Jurisprudence is replete with cases holding that the accused may still be
charged with the crime of bigamy, even if there is a subsequent declaration
of the nullity of the second marriage, so long as the first marriage was still
subsisting when the second marriage was celebrated.
Montañes v. Cipriano
G.R. No. 181089 (October 22, 2012)

FACTS: On April 8, 1976, Lourdes Cipriano (Lourdes) married Socrates Flores


(Socrates). On January 24, 1983, during the subsistence of the said marriage,
Lourdes married Silverio V. Cipriano (Silverio). In 2001, Lourdes filed with the
RTC of Muntinlupa a Petition for the Annulment of her marriage with Socrates
on the ground of the latter’s psychological incapacity. The RTC rendered its
decision declaring the marriage of Lourdes with Socrates null and void. Said
decision became final and executory on October 13, 2003.
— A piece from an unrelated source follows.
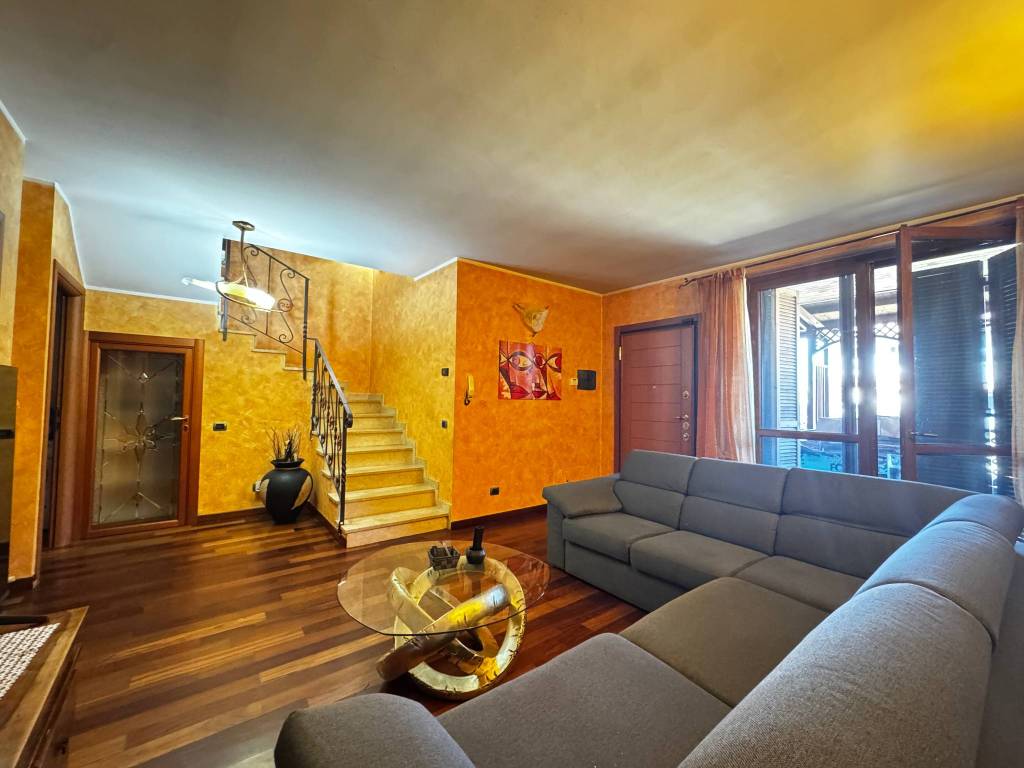 Villetta a schiera a Casaletto lodigiano in Via Torre Borromea, 25 - Foto 4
On May 14, 2004, petitioner Merlinda Montañez, Silverio’s daughter from the
first marriage, filed a complaint for bigamy against Lourdes alleging that
Lourdes failed to reveal to Silverio that she was still married to Socrates.
Lourdes moved to quash the information alleging that her first marriage to
Socrates had already been declared void ab initio in 2003, thus, there was no
more marriage to speak of prior to her marriage to Silverio on January 24,
1983. She also averred that she had contracted her second marriage before
the effectivity of the Family Code; hence, the existing law at that time did not
require a judicial declaration of absolute nullity as a condition precedent to
contracting a subsequent marriage. Hence, the RTC granted the motion to
quash.

ISSUE: Whether or not the RTC is correct in quashing the information for
bigamy.

HELD: The elements of the crime of bigamy are: (a) the offender has been
legally married; (b) the marriage has not been legally dissolved or, in case his
or her spouse is absent, the absent spouse could not yet be presumed dead
according to the Civil Code; (c) that he contracts a second or subsequent
marriage; and (d) the second or subsequent marriage has all the essential
requisites for validity. The felony is consummated on the celebration of the
second marriage or subsequent marriage. It is essential in the prosecution for
bigamy that the alleged second marriage, having all the essential
requirements, would be valid were it not for the subsistence of the first
marriage.

In this case, it appears that when respondent contracted a second marriage


with Silverio in 1983, her first marriage with Socrates celebrated in 1976 was
still subsisting as the same had not yet been annulled or declared void by a
competent authority. Clearly, the annulment of respondent's first marriage
on the ground of psychological incapacity was declared only in 2003.
In Mercado v. Tan, we ruled that the subsequent judicial declaration of the
nullity of the first marriage was immaterial, because prior to the declaration
of nullity, the crime of bigamy had already been consummated.
As far back as 1995, in Atienza v. Brillantes, Jr., the Court already made the
declaration that Article 40, which is a rule of procedure, should be applied
retroactively because Article 256 of the Family Code itself provides that said
"Code shall have retroactive effect insofar as it does not prejudice or impair
vested or acquired rights." The Court went on to explain, thus: “The fact that
procedural statutes may somehow affect the litigants' rights may not
preclude their retroactive application to pending actions. The retroactive
application of procedural laws is not violative of any right of a person who
may feel that he is adversely affected. The reason is that as a general rule, no
vested right may attach to, nor arise from, procedural laws.” GRANTED.